Wladyslawowo itself does not have a lot to offer the visiting yacht, but it has some good pontoons with water and electricity, but fuel is difficult to find. You may be able to get it delievered in cans. The moorings are to be found at the far end of the harbour, and will be well sheltered in almost any weather. The entrance is a little exposed to the north or east, but perhaps more sheltered than some of the others along this coast.
It is a good jumping off point for the Baltic States: it is marginally closer to Kalipeda than Hel, and the route takes you a little further from the Russian enclave of Kaliningrad.
NV-pedia harbour charts for Wladyslawowo.
The yacht moorings at Wladyslawowo. The tower seen in the right hand picture is a good landmark for the approach.
Swinoujscie (formerly Swinemunde) is at the eastern end of the German bodden. From here you can go inland as far as Berlin, if you take your mast down.
There is a large new marina, which is expanding as boat owning and sailing becomes more popular in Poland.
The harbour entrance is easy enough to find, as it lies in a bay between the island of Usedom and the Baltic mainland. Cranes are visible for several miles away as a useful reference point. This is a busy commercial waterway, and it is a good idea to keep close to, but out of, the main buoyed channel. There is plenty of water around the entrance, however, so you can approach it from any direction.
The entrance itself is not all that conspicuous, but the breakwaters are marked with towers and lights. Night entrance should not be too much of a problem. There can be quite a strong current in the entrance, and this is not at all predictable - it depends mainly on the wind over the past day or two.
The marina is about half a mile down the river: there is a new SAR post built by the entrance, making it easy to recognise. Take note of the small starboard hand buoy. The actual moorings are a few hundred meters further down the basin.
NV-pedia harbour chart for the marina at Swinoujscie.

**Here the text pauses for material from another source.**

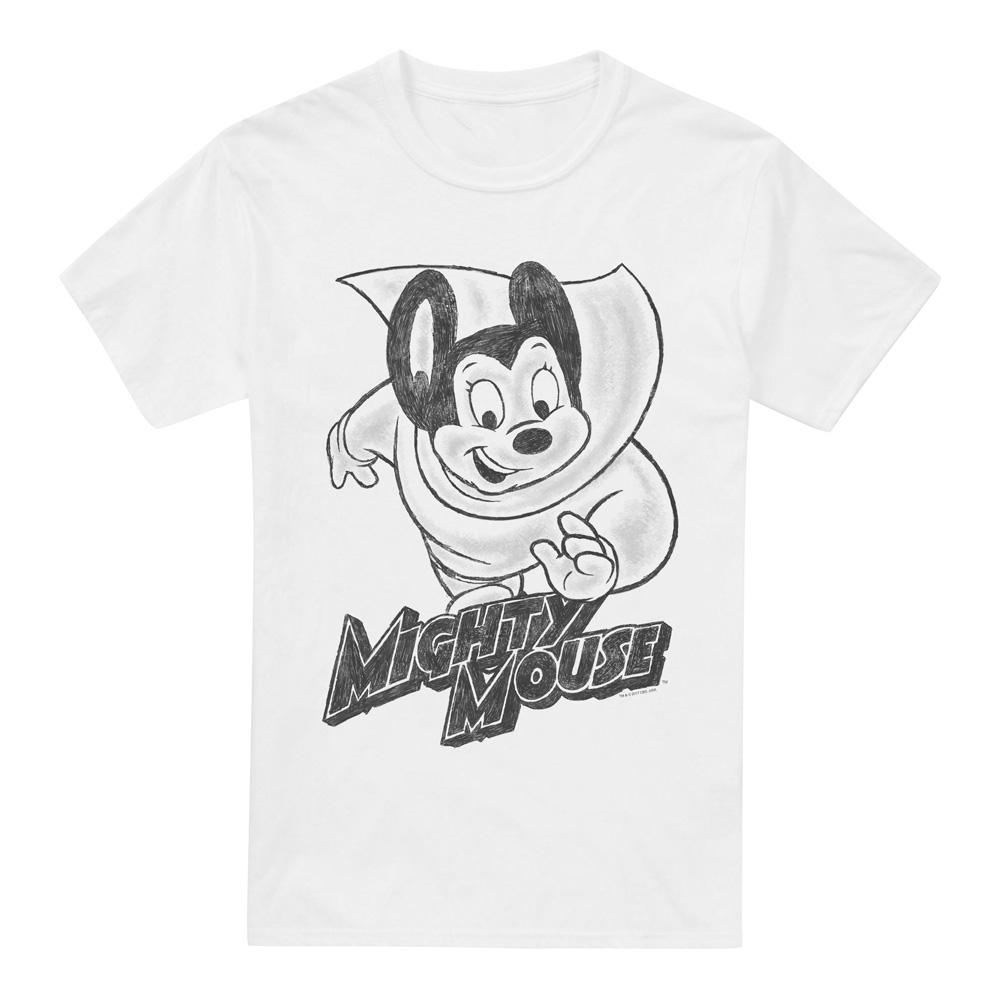 Футболка Mighty Mouse Mens Mighty Sketch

There are a variety of moorings: alongside pontoons, very small finger pontoons, stren buoys, and quayside with truck tyres. You may be greeted by the harbour master, who will blow a whistle very loudly and point imperiously to the place he wants you to go. It isn't worth arguing.
There are new ablutions which are quite respectable, and free Wifi for those with laptops.
Entrance to the marina on the left with the new SAR centre. On the right is the new marina office and ablution block.
Views of the marina. It can get quite crowded in the summer.